> _DATA EXTRACTS_:
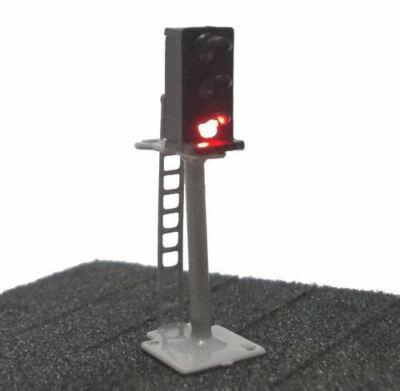 3 Aspect Platform Mounted Signal N Scale - Gaugemaster GM276
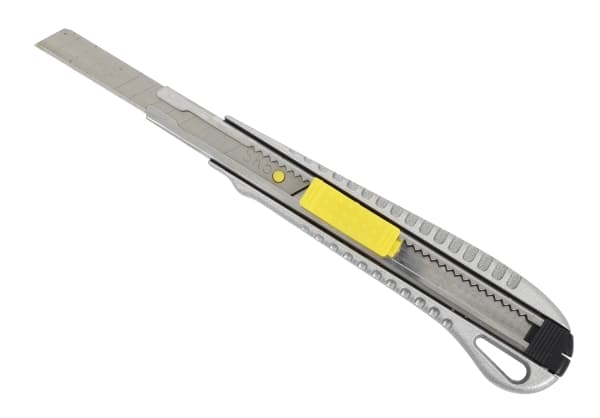 Bearbeid den med Millarco® metall hobbykniv 9 mm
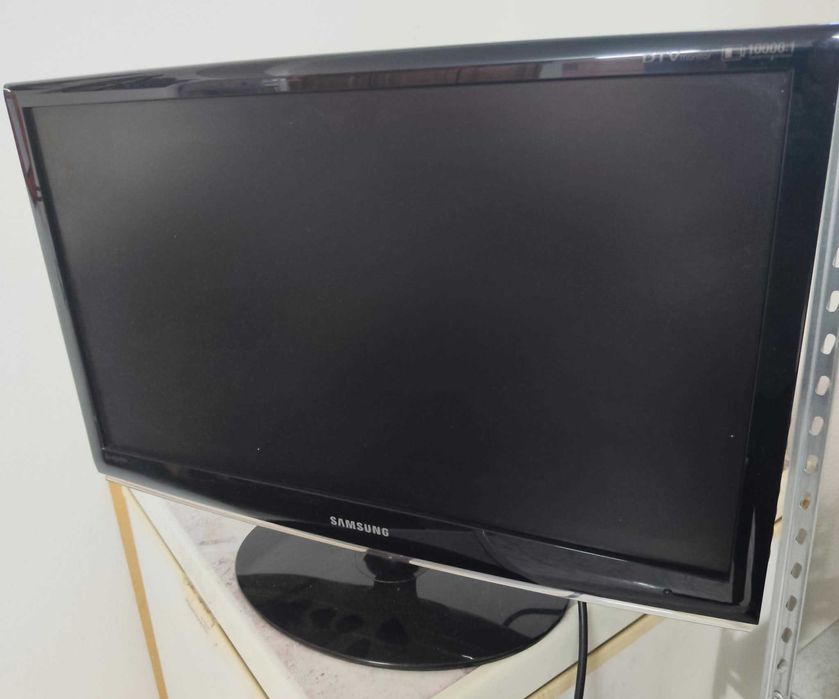 Tv Samsung 23 polegadas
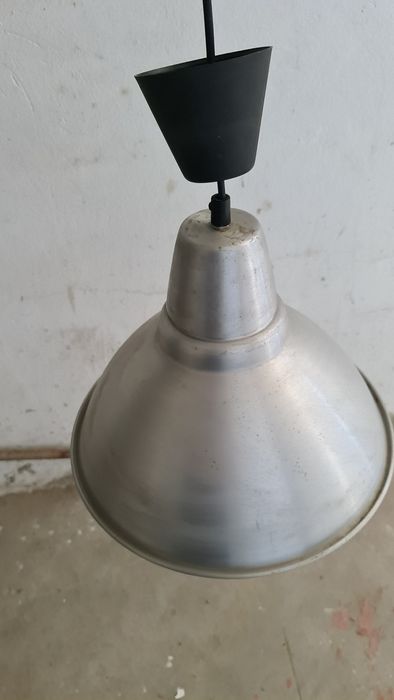 Vendo  coisas antigas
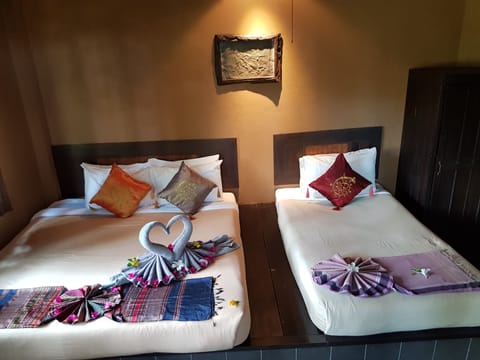 Family Deluxe Room | Desk, iron/ironing board, rollaway beds, free WiFi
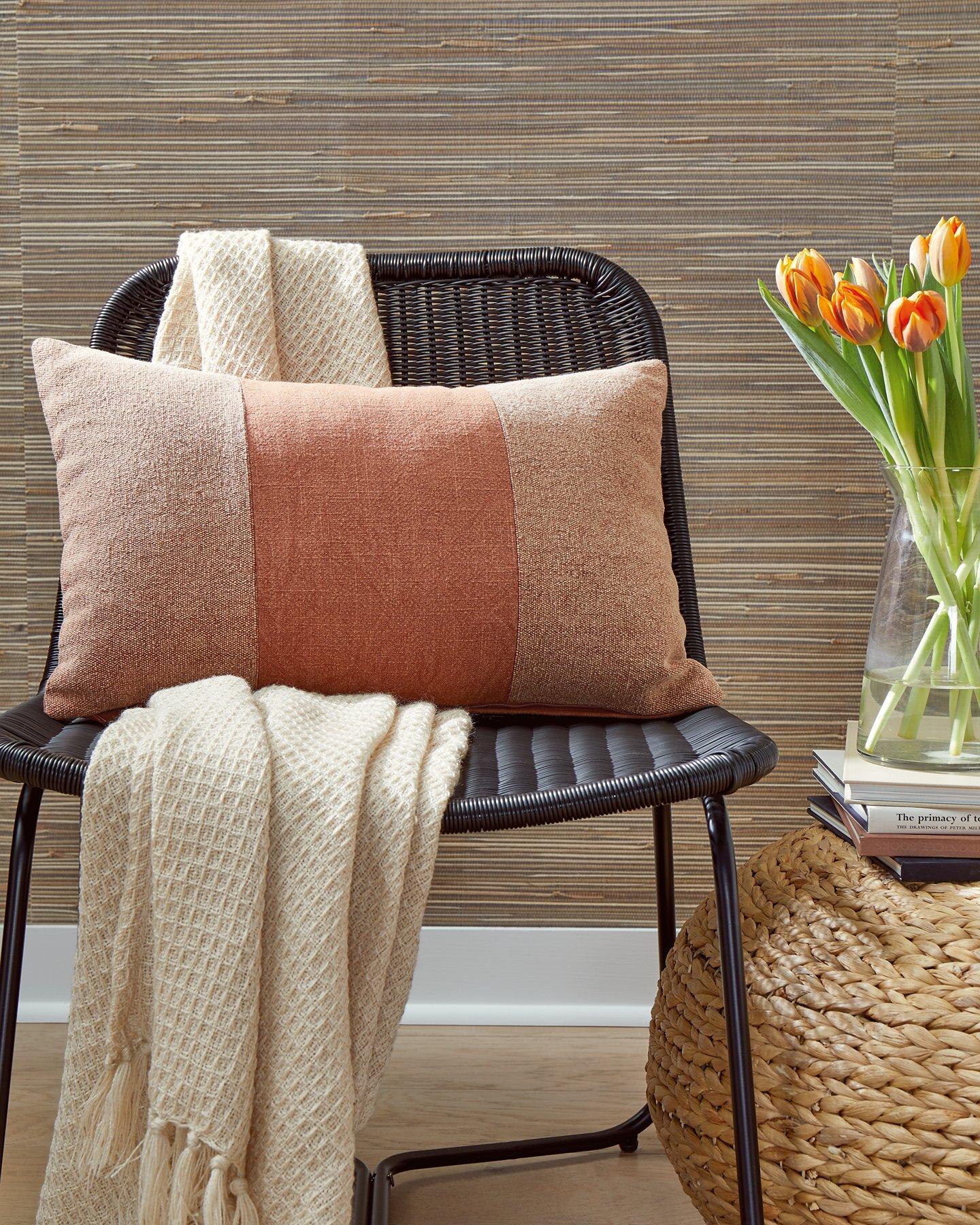 Dovinton Pillow (Set of 4) - Image 2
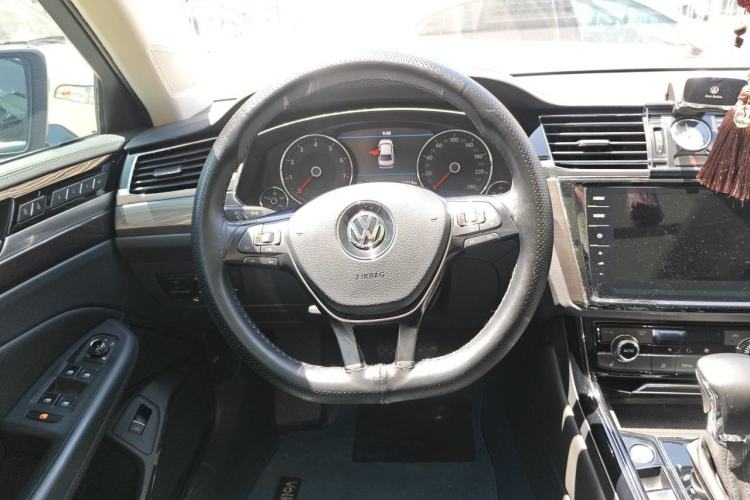 Used Volkswagen Phideon 2019 380TSI Two-Wheel Drive Business Edition China VI Standard Steering Wheel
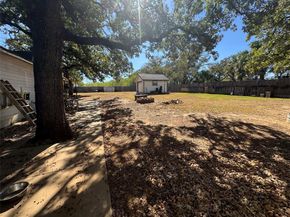 7116  Bowman Springs Road , Arlington Texas 76016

> _WHAT YOU SHOULD DO_: Repeat the data above exactly, images excluded.

> _ANSWER BELOW_:
 3 Aspect Platform Mounted Signal N Scale - Gaugemaster GM276
 Bearbeid den med Millarco® metall hobbykniv 9 mm
 Tv Samsung 23 polegadas
 Vendo  coisas antigas
 Family Deluxe Room | Desk, iron/ironing board, rollaway beds, free WiFi
 Dovinton Pillow (Set of 4) - Image 2
 Used Volkswagen Phideon 2019 380TSI Two-Wheel Drive Business Edition China VI Standard Steering Wheel
 7116  Bowman Springs Road , Arlington Texas 76016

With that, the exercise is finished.